Lei sostiene che occorra riportare il docente al centro magari, magari aumentando il suo stipendio.

“Questo è il succo di un mio video molto apprezzato. Qualunque riforma deve partire dalla centralità del docente. Per me l’importanza di innalzare lo status dei docenti arriva prima di tutto il resto. Prima di pensare a tutte le innovazioni che possiamo portare in aula, dobbiamo pensare a rimettere al centro il docente. In questo video ho usato la metafora del pilota. È come se tu avessi un aereo: se vuoi che l’aereo parta, devi prima mettere il pilota nelle condizioni di volare, no? Devi dargli un contratto migliore. In effetti, dopo aver preso cura del pilota, poi penserai a mettere gli schermi su tutti i sedili, alle lucine, a coccolare i passeggeri. Ma prima di tutto devi occuparti del pilota. Allo stesso modo, dobbiamo occuparci dei nostri docenti, perché se non ci prendiamo cura di loro, la scuola non decollerà mai”.

Gli alunni sono il nostro futuro ma noi siamo il loro presente. Lo ha detto lei

“Il presente è importantissimo, è anzi prezioso. Se non ci si occupa dell’oggi non si può preparare il domani. Il presente ha un valore incredibile. Io sono stato bocciato? Ora mi rifaccio. Non si guarda mai al presente ma il presente è importante. Come all’esame di maturità: i ragazzi scappano dopo tre ore. Ma io dico: fermati e goditi il momento. Purtroppo stanno tanto tempo sul telefono, anche otto ore al giorno, con noi stanno cinque ore.
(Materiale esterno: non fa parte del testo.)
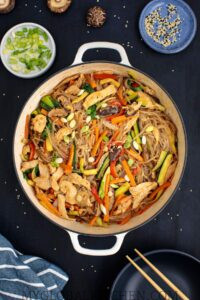 Overhead shot of a pot full of Korean Chicken Japchae or Glass Noodle Stir-Fry on a dark table with bowls of green onions and sesame seeds on the side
Ma quelle cinque ora sono un valore, noi siamo l’alternativa”.

Insomma, scopriamo che gli alunni le mancano. Dunque Filippo Caccamo, attore comico di gran successo, tornerà un giorno in cattedra?

“Tornerò, tornerò. Quando avrò finito i vari tours tornerò a insegnare. Il lavoro che svolgo oggi non è il piano b dell’altro. Quando sarò tornato in cattedra sarò sereno, avrò i miei crediti e tutto quel che serve per insegnare bene. Quel che faccio ora non è un’alternativa, è solo una pausa teatrale”.

Provi a mandare un messaggio ai ragazzi che sono alle prese in questo momento con la prova scritta dell’esame di Stato. E uno anche agli insegnanti alle prese con la maturità degli studenti.

“Ai ragazzi dico: godetevi il momento. Poi farere i cretini, brucerete magari gli appunti, ma ora non correte. Non finite il tema in un minuto. Uscite di casa prima, andate un po’ prima a scuola, goditevi il silenzio, usate il dizionario, apritelo, la parola già la conoscete, ma magari c’è un sinonimo più bello. Usate tutto il tempo che avete a disposizione: questo cambia tutto, non sembra, ma fidatevi, è così. Quando insegnavo, nelle verifiche davo più tempo del dovuto ai ragazzi e allora vedevo nei loro occhi una pace diversa. Per i docenti ho fatto uscire adesso un video con Notte prima degli esami di Venditti. La notte prima degli esami, ma dal punto di vista dei professori. La notte prima degli esami tutti ce la ricordiamo come alunni. E i prof?”